There are those [jokes] which are sanctionable and those which, even if tasteless or painful to some, are not. It would be unreasonable to expect that the airwaves be pure, antiseptic and flawless. Society is not.

In CHUM-FM re Sunday Funnies (CBSC Decision 95/96-0064, March 26, 1996), the Ontario Panel added the following perspective:

[H]umour is commonly based on national, ethnic, racial or gender traits, as often as not related to background matters best-known to the comedian. Even stereotypes are not unknown in such a context. Such issues cannot alone be the cause of a broadcast sanction. They must be coupled with another defining criterion; namely, they must be abusive or discriminatory.

The issue, ultimately, is to decide when a humorously intended comment may reasonably be viewed as having gone too far.

Finally, for present purposes, the Ontario Panel decided, in CHFI-FM re the Don Daynard Show (CBSC Decision 94/95-0145, March 26, 1996), that the jokes told there about Jewish mothers were gentle rather than harsh. In its terms,

the Jewish mothers light bulb joke, while ethnically pointed, was neither demeaning nor abusive. It was told in the context of a series of light bulb jokes aimed at feminists, Marxists, surrealists, accountants, etc. It poked fun but did not bludgeon. It tickled but was not nasty.

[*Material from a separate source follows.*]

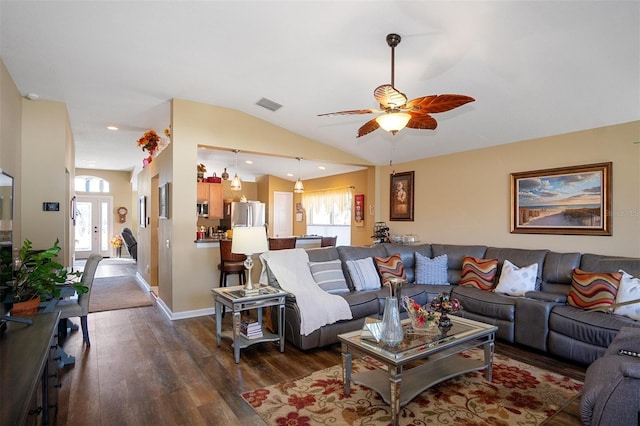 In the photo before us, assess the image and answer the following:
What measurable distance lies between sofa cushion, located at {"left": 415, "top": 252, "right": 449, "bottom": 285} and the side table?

Applying those precedents to the matter at hand, the Panel considers that the comments directed at Hindus with respect to their alleged habits, practices and conventions have unquestionably gone too far. The jokesters did not “poke” fun; they bludgeoned. They did not “tickle”; they were nasty. They did not joke with Hindus; they laughed at Hindus; they made fun of Hindus. They demeaned and denigrated the objects of their “humour”. This was “grit your teeth”, “cringe in discomfort” mockery; it had no cuteness or levity to offer. It did not belong on the public airwaves of Canada. The broadcast of this sketch constituted abusively or unduly discriminatory comment, in breach of the human rights clause of the CAB Code of Ethics.

Incitement to Violence

While the Quebec Panel does not for an instant believe that the sketch was intended as an incitement to violence, it does consider that the hunting metaphor was, if anything, inflammatory in the circumstances. In that respect, the Panel simply refers to previous CBSC decisions dealing with similar metaphorical circumstances. In this Panel's decision in CKAC re an episode of the Gilles Proulx Show (CBSC Decision 98/99-1108, February 21, 2000), a show in which the host “advocated” the dropping of an atomic or a neutron bomb on the home of the host's radio arch-rival André Arthur, it said:

The Council does not for a moment believe that there was any intention on the part of the host to advocate violence. In a way, its conclusion is simplified by the exaggerated nature of the host's “violent” suggestion. Had it been a realistic suggestion, it might have been reasonable for the Council to conclude that the host had in fact been advocating a criminal act; however, the utter absurdity of the “suggested” use of nuclear or neutron bombs, which are obviously inaccessible weapons, makes it clear that this is simply a hyperbolic device used as a part of the well-known rivalry between the two Quebec radio hosts.

Similarly, in Comedy Network re Open Mike with Mike Bullard (Leah Pinsent film) (CBSC Decision 99/00-0482, January 31, 2001), the National Specialty Services Panel concluded that Mike Bullard was “trying to be funny and could not reasonably be understood to be seriously advocating violence against paedophiles.” It found that

there was no serious intention to advocate violence by the host and his guest. The Panel considers that, at worst, Mike Bullard's comments may be taken to be in bad taste, which, as the CBSC Panels have always said, is a matter to be regulated by the viewer's use of the on/off switch. The CBSC's sanctions are reserved for the more serious breaches of Canada's private broadcasters' own Codes and standards. Taste, by itself, is a marketplace issue.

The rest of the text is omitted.